On December 8, the French city of Lyon’s St Jean Cathedral is dressed in light.
It marks the start of a procession which lies at the heart of what is known locally as the “Fete des Lumieres” or Festival of Light.
The annual celebration dates back to 1852 and is essentially a religious one.
Cardinal Philippe Barbarin, the Archbishop of Lyon, explained the highlight for him.
“It is the festival of light in Lyon so everyone puts candles in their windows in honour of our Lady of Fourviere and now we are going up from the cathedral to the basilica with the statue of the Virgin.
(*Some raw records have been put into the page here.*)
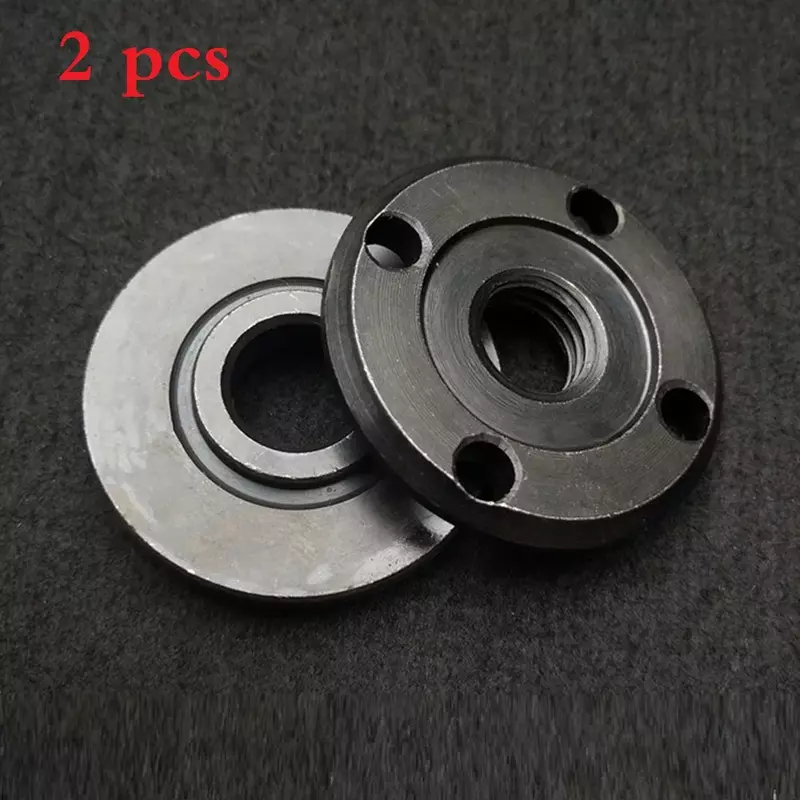 M16 Thread Replacement Angle Grinder Inner Outer Flange Nut Set Tools Pure Iron Plate Splint Clamp Angle Grinder Accessories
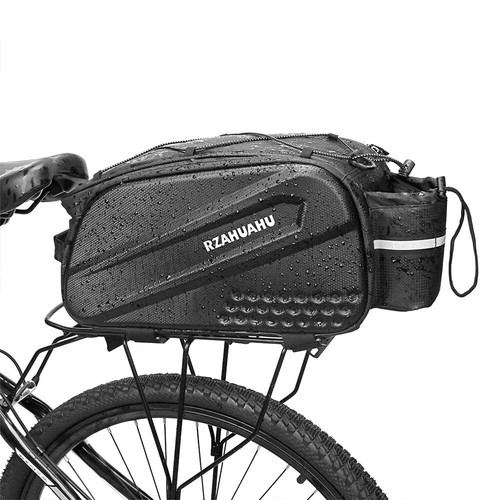 10L Bike Rear Rack Pack Panniers Hard Shell Bag Waterproof Bicycle Saddlebag AU - Picture 11 of 12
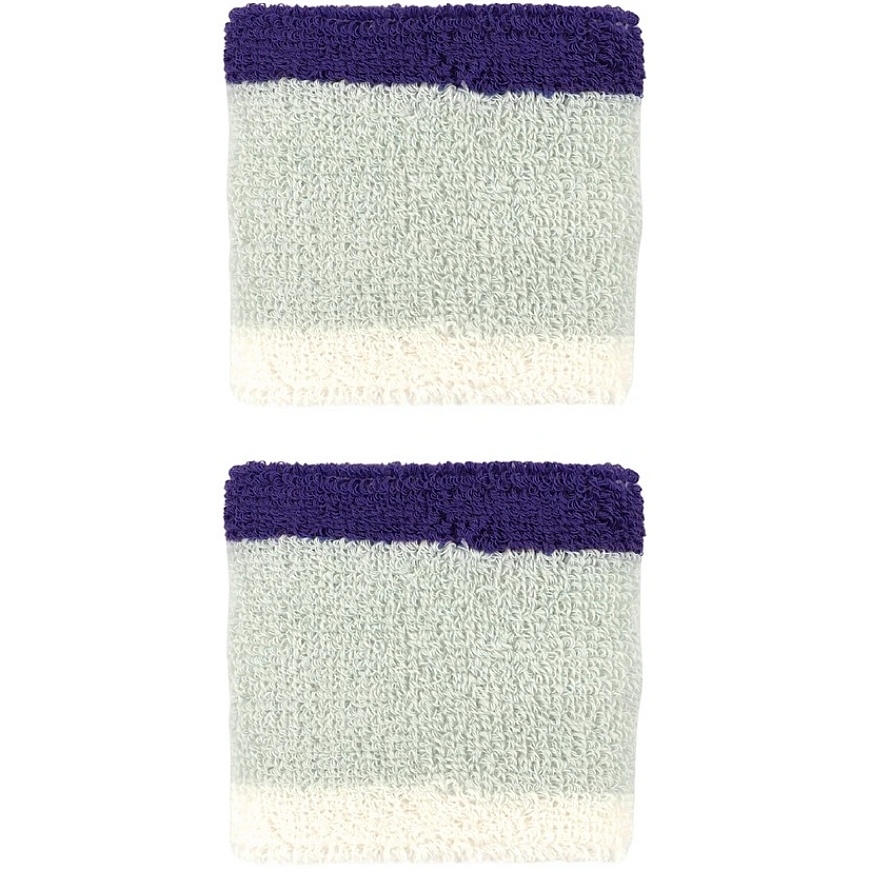 Nike Swoosh Wristbands 2 pcs. gray-purple-white N1012405043 – 2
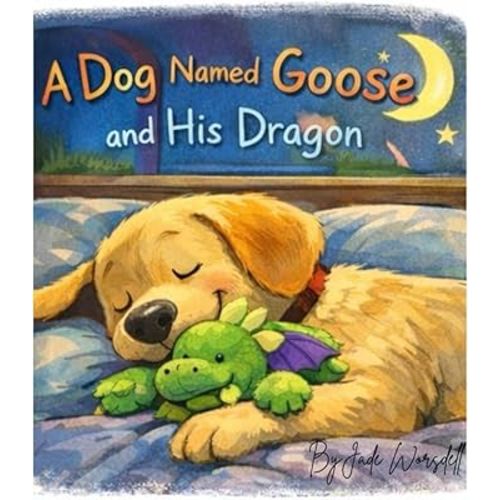 A dog named goose and his dragon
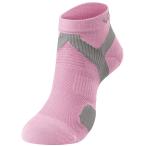 ファイテン PHITEN 足王（ソッキング）丸つま先タイプ ウイメンズ ピンク×ライトグレー 22〜24cm AL932770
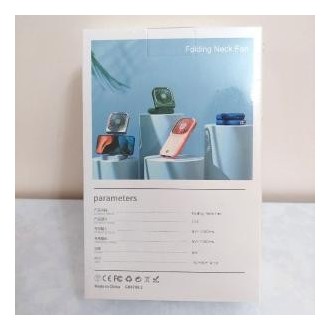 VENTILADOR COLGADOR CUELLO CON POWER BANK  5000MAH  Y SOPORTE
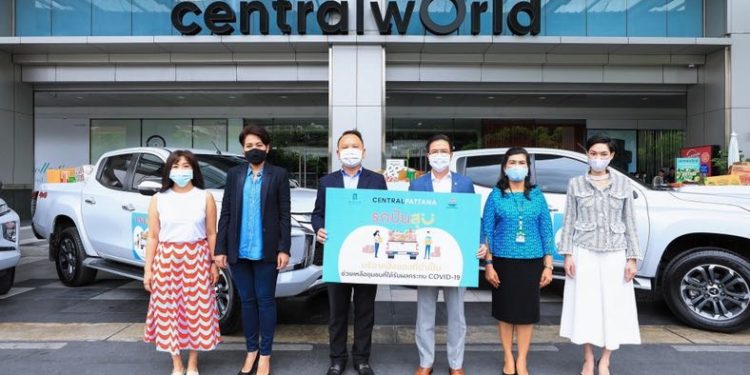 มิตซูบิชิร่วมกับพันธมิตรส่งขบวน “รถปันสุข” ร่วมบรรเทาผลกระทบจากโรคโควิด-19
It is a moment of joy for everyone.”
Although some people think the candles are a tradition linked to a time when Lyon was threatened by the plague, the truth of the matter is more to do with the inauguration of a new statue of Mary.
Over 150 years ago, the ceremony presenting the religious icon was hampered by bad weather and locals looked round for something to lighten the mood.
“Originally it took place in September, on September 8”, said one Lyon resident. “And following an exceptionally bad flood, it could not take place so it was moved to December and it became December 8 and on the day when it was moved, there was so much fog that they put the candles out to brighten things up.”
Since then the festival, which is now held over four days, has been added to by spectacular light shows.
By the end of it, four million visitors will have experienced 80 light projects – transforming the facades of some of Lyon’s most august buildings and filling the city’s squares and avenues.
All of which began with a simple candle.